This special IPv6-specific name directs traffic to a host or hosts
which have been enabled for native IPv6 access. In some cases this
name may point to hosts which are separate from those used for IPv4
traffic (via www.example.com), while in other cases it may point to
the same hosts used for IPv4 traffic. A subsequent phase, if
separate hosts are used to support special IPv6-specific names, is to
move to the same hosts used for regular traffic in order to utilize
and exercise production infrastructure more fully. Regardless of
whether or not dedicated hosts are used, the use of the special name
is a way to incrementally control traffic as a tool for a domain to
gain IPv6 experience and increase IPv6 use on a relatively controlled
basis. Any lessons learned can then inform plans for a full
transition to IPv6. This also provides an opportunity for a domain
to develop any necessary training for staff, to develop IPv6-related
testing procedures for their production network and lab, to deploy
IPv6 functionality into their production network, and to develop and
deploy IPv6-related network and service monitors. It is also an
opportunity to add a relatively small amount of IPv6 traffic to
ensure that network gear, network interconnects, and IPv6 routing in
general is working as expected.
While using a special IPv6-specific name is a good initial step to
functionally test and prepare a domain for IPv6, including developing
and maturing IPv6 operations, as noted in Section 2.2, the utility of
the tactic is limited since users must know the IPv6-specific name,
the traffic volume will be low, and the traffic is unlikely to be
representative of the general population of end users (they are
likely to be self-selecting early adopters and more technically
advanced than average), among other reasons. As a result, any
concerns and risks related to traffic volume as noted Section 2.3
should still be considered and addressed separately.
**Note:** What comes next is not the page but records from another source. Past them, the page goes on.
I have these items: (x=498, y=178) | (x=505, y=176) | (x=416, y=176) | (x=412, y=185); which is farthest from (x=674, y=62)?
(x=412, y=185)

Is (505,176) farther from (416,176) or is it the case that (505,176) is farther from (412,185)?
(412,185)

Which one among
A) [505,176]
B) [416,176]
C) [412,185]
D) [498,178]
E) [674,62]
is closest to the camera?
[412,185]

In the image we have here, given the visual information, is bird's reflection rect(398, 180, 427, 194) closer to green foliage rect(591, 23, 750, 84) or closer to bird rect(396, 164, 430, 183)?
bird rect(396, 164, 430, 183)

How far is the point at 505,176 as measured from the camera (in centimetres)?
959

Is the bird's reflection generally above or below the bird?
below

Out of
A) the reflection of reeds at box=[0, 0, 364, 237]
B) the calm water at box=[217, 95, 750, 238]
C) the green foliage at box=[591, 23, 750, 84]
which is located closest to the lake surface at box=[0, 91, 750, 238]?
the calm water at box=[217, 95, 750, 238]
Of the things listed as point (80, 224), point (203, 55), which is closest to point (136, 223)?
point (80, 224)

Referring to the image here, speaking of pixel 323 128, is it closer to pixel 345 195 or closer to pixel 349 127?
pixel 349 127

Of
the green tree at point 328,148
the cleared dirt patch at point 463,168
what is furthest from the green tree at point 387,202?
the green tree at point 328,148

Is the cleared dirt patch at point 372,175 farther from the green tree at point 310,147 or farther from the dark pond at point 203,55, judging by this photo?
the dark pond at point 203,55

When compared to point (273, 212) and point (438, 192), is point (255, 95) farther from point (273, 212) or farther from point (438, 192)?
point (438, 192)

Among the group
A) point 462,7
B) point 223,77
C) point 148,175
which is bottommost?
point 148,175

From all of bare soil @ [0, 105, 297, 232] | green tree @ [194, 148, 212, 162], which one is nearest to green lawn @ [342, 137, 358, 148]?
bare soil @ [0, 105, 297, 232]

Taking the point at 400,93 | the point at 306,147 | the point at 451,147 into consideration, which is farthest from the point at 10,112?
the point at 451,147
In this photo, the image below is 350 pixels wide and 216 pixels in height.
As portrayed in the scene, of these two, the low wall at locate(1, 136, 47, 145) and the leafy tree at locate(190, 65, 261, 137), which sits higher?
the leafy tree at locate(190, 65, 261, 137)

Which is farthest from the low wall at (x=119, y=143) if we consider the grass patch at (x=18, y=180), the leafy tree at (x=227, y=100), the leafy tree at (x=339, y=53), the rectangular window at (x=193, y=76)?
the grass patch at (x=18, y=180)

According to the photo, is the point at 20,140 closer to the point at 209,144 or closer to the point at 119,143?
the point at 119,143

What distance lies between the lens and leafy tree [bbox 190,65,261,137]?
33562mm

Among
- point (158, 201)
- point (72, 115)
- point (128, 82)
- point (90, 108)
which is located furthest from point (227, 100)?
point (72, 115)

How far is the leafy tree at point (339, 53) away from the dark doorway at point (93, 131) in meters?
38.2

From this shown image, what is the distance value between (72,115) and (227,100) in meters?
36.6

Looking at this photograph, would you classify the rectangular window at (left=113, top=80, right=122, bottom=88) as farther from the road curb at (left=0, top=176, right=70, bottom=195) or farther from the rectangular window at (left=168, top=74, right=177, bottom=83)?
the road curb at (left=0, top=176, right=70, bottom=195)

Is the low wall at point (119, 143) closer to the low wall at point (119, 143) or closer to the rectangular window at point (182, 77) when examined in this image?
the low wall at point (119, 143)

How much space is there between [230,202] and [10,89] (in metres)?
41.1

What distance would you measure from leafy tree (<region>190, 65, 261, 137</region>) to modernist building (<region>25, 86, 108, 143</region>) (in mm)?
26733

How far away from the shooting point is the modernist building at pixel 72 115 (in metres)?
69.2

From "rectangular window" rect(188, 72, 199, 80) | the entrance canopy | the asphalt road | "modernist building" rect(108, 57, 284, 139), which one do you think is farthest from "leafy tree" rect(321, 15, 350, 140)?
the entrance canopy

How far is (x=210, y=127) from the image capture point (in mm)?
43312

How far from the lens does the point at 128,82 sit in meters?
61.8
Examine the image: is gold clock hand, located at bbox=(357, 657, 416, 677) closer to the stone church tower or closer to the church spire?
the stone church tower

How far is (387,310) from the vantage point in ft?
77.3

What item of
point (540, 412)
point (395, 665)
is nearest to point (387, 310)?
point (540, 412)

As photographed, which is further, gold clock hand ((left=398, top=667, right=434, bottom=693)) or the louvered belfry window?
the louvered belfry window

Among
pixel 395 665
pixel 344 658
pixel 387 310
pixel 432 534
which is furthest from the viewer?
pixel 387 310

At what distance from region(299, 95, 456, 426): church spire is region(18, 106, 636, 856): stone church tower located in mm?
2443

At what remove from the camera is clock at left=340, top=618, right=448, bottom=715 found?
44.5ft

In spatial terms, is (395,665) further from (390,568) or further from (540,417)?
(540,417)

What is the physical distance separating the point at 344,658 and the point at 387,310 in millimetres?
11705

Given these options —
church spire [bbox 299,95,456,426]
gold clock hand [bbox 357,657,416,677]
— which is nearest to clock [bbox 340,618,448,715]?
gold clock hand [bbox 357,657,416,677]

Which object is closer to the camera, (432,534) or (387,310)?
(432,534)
4.3. Implement DNS Resolver Whitelisting
Another potential tactic, especially when a high-service-level domain
is ready to move beyond an IPv6-specific name, as described in
Section 4.2, is to selectively return AAAA resource records (RRs),
which contain IPv6 addresses. This selective response of DNS records
is performed by an authoritative DNS servers for a domain in response
to DNS queries sent by DNS recursive resolvers [RFC1035]. This is
commonly referred to in the Internet community as "DNS Resolver
Whitelisting", and will be referred to as such hereafter, though in
essence it is simply a tactic enabling the selective return of DNS
records based upon various technical factors. An end user is seeking
Livingood Expires August 30, 2012 [Page 8]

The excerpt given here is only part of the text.